Teras Merdeka – Masyarakat Desa Kawak, Kecamatan Pakisaji, Kabupaten Jepara melangsungkan upacara sedekah bumi pada Selasa (25/6/2024) malam. Uniknya, sedekah bumi yang biasanya dilakuan dengan mengarak hasil pertanian, justru dilakukan dengan mengadakan pertandingan sepak bola api dan perang api.
Ribuan warga desa setempat maupun sekitarnya turut memeriahkan acara pertandingan. Selain itu, juga dimeriahkan pameran produk UMKM serta produk unggulan desa setempat.
Gelaran sepak bola api dan perang api ini merupakan bagian dari rangkaian acara manganan (makan bersama) yang dilangsungkan di makam Mbah Kawak (makam sesepuh desa).
Dalam permainan ini, terdapat 10 pemain dari kedua tim yang bertanding. Arena yang menjadi tempat berlangsungnya sepak bola api ini yakni di Embung Desa Kawak.
Adapun para pemain, mengikat kepalanya dengan kain bewarna sesuai tim-nya. Pemain merupakan para pemuda desa tersebut dan hanya mengenakan celana hitam pendek tanpa mengenakan baju.
Sebelum permainan sepakbola api dimulai, pemangku adat di desa tersebut terlebih dahulu melalukan doa ritual. Para pemain diolesi dengan minyak kelapa yang dicampur dengan sabun. Hal ini bertujuan untuk menghilangkan panas saat menendang bola api yang terbuat dari kelapa.
Petinggi Desa Kawak, Eko Heri Purwanto mengatakan, Festival Bola Api ini untuk nguri-nguri budaya dan tradisi para leluhur.
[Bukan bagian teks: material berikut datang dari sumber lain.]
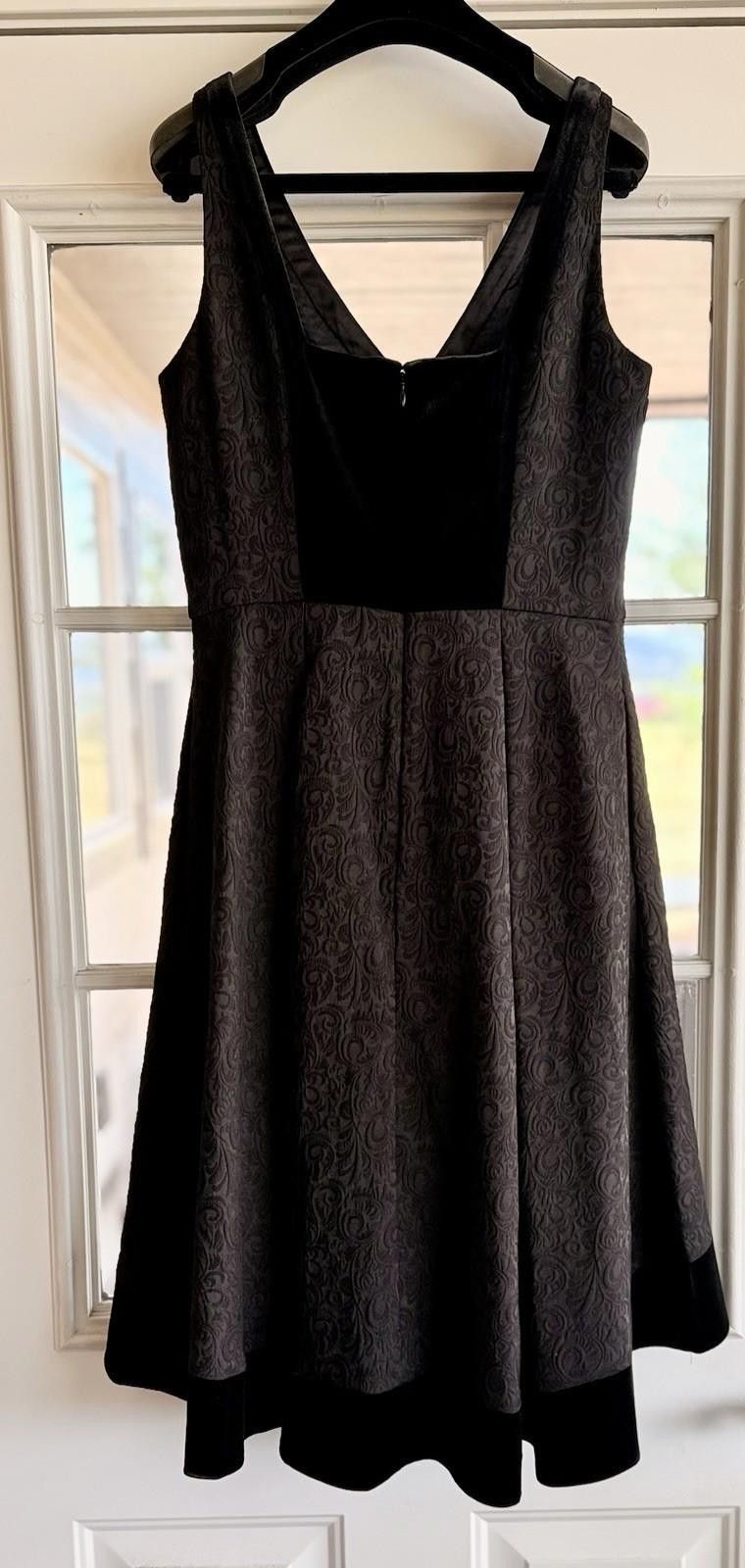 Other NWT WHBM Stunning Black Brocade Fit/Flare Dress w Velvet 4 Size S / US 4 / IT 40 - 12 Thumbnail
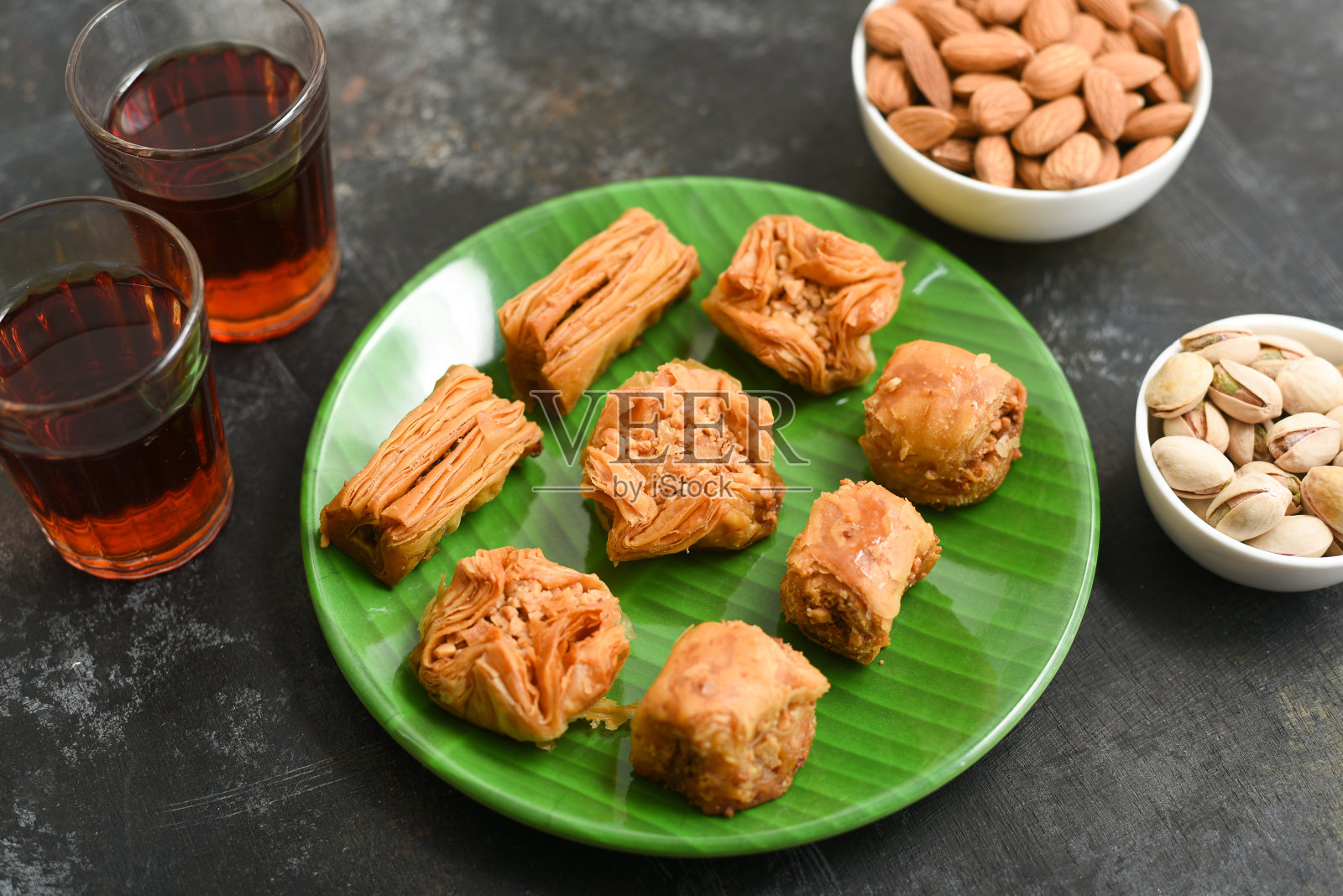 阿拉伯甜点果仁蜜饼照片摄影图片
Kegiatan ini merupakan rangkaian dari prosesi sedekah bumi desa yang dilaksanakan setelah panen raya.
”Tradisi sepakbola ini bertujuan untuk memerangi hawa nafsu, emosi, kemarahan, serta rasa benci antar sesama yang disimbolkan dengan api, untuk mencapai kejayaan dan kemakmuran” kata Eko Heri
Dengan berkobarnya bara api, dimaksudkan pula untuk saling menjaga kebersamaan seluruh warga Desa Kawak.
Eko Heri menilai kearifan lokal yang ada di Desa Kawak harus terus dikembangkan yakni dengan cara menyelengarakan acara tersebut secara rutin.
“Agar masyarakat umum tahu akan festival ini dan bisa meningkatkan potensi yang ada di desa kawak,” terangnya.
Sementara itu, salah seorang pemuda yang ikut serta dalam upacara tersebut, Hapsi (17 tahun) mengatakan bahwa ia senang bisa menjadi bagian dari tradisi turun temurun tersebut.
“Ke depan saya akan ikut lagi, dikarenakan pertandingan ini menantang dan seru,” ucapnya.